Non è certo il primo film a mostrare la faccia malinconica delle risate, e quanto impegno, intelligenza e ossessività possano celarsi dietro gag apparentemente facili e immediate. Ma la storia del sodalizio artistico fra l’inglese Stan Laurel e l’americano Oliver Hardy non somiglia a nessun’altra, nel suo impasto di talento sovrumano e umanissima fragilità, strepitosa fantasia e gioiosa creatività. Un irresistibile inno all’amicizia che assume la forma di un biopic divertente e a tratti struggente, dove i nostri eroi sul viale del tramonto strappano risate di cuore e suscitano autentica commozione, fra un balletto e una canzoncina, una gag dai tempi comici irresistibili, degna di uno slapstick dell’epoca del muto, e un dialogo scoppiettante di ironia e tenerezza.

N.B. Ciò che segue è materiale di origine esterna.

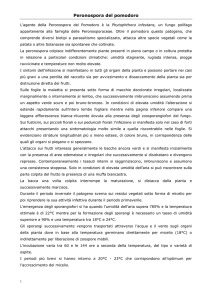 Peronospora del pomodoro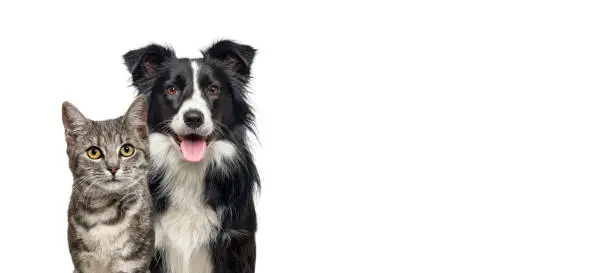 Photo of Grey striped tabby cat and a border collie dog with happy expression together isolated on white, banner framed looking at the camera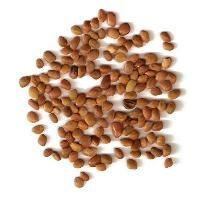 Karanj Seeds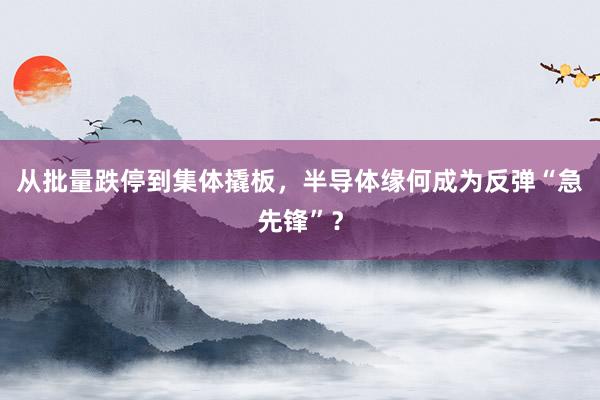 从批量跌停到集体撬板，半导体缘何成为反弹“急先锋”？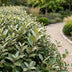 XXL Economy Bundle: 104x Green boutiQ Eleagnus ebbingei Compacta (Silverberry) - Evergreen Hedging Plants - Grey - 25-35cm (9cm Pot) Bild 5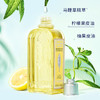 3253581766989 欧舒丹L'OCCITANE 欧舒丹果漾马鞭草沐浴露250ml（马鞭草） 商品缩略图2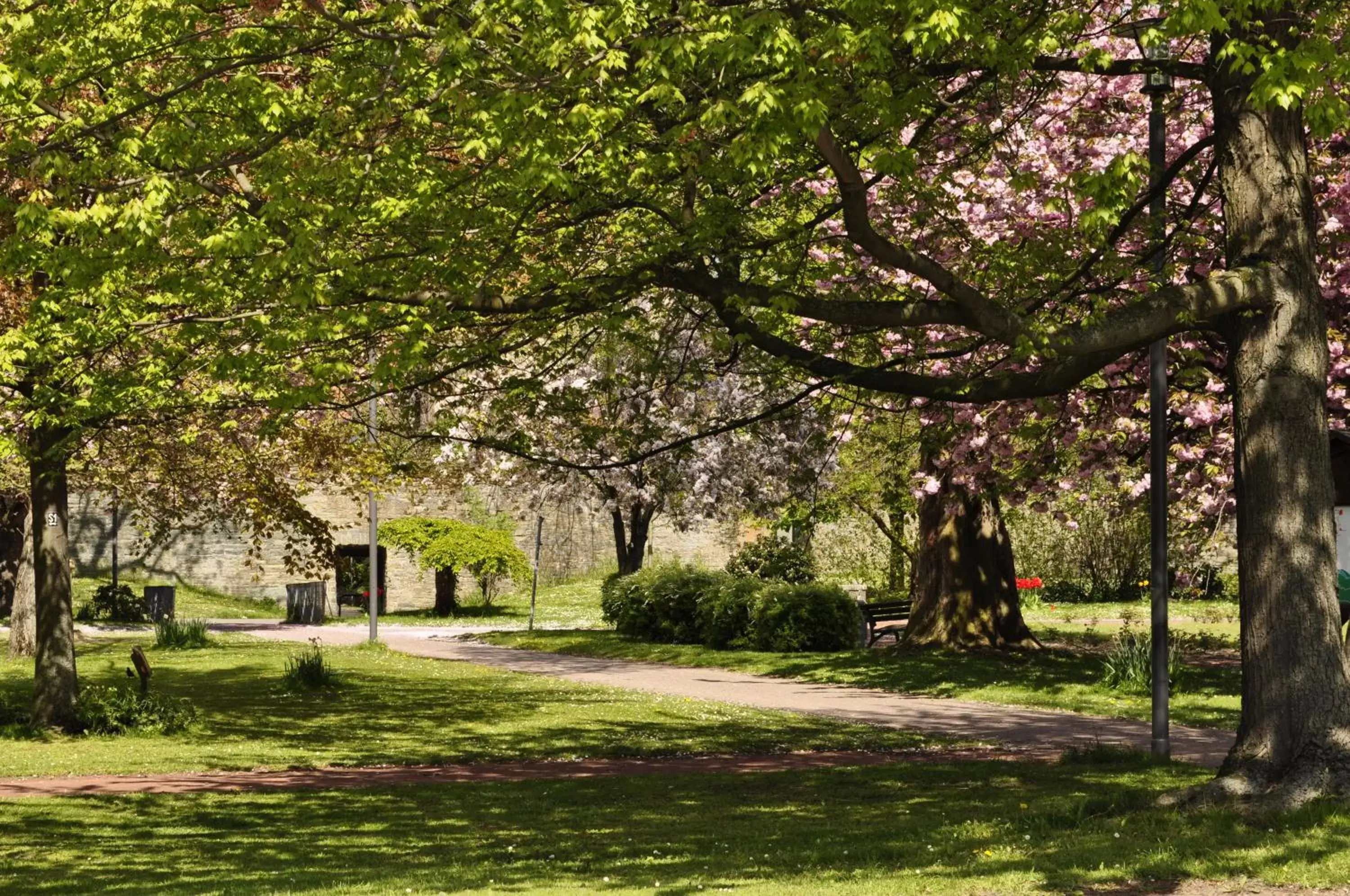 Garden view, Garden in Hotel am Wall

Se il risultato è tanto convincente, gran parte del merito va naturalmente ai due attori protagonisti, perfettamente mimetici nella loro aderenza ai personaggi. Ma se per l’inglese Coogan (nel suo curriculum recente Philomena, Una notte al museo, Il professore e il pazzo) calarsi nei panni dello smilzo Stanlio forse non è stato fisicamente così difficile – è bastata una protesi al mento e un po’ di trucco per le orecchie a sventola – per l’americano John C. Reilly (di recente interprete di Carnage, Il racconto dei racconti, I fratelli Sisters) è stato di certo ben più impegnativo raggiungere l’immensa stazza di Ollio – che all’epoca era arrivato a pesare 180 chili – grazie a quattro ore quotidiane di trucco e a ingombranti tute di poliuretano espanso, talmente calde da portare l’attore sull’orlo del collasso.
Accanto a Coogan e Reilly, spiccano anche Shirley Henderson e Nina Arianda, rispettivamente nei panni di Virginia Lucille Jones, terza moglie di Oliver, e della russa Ida Kitaeva Raphael, l’ultima e la più longeva delle tante mogli di Stan, in grado miracolosamente di resistere dal 1946 fino alla morte dell’attore, nel 1965.
Stanlio e Ollio, di Jon S. Baird, con Steve Coogan, John C. Reilly, Nina Arianda, Shirley Henderson, Danny Huston.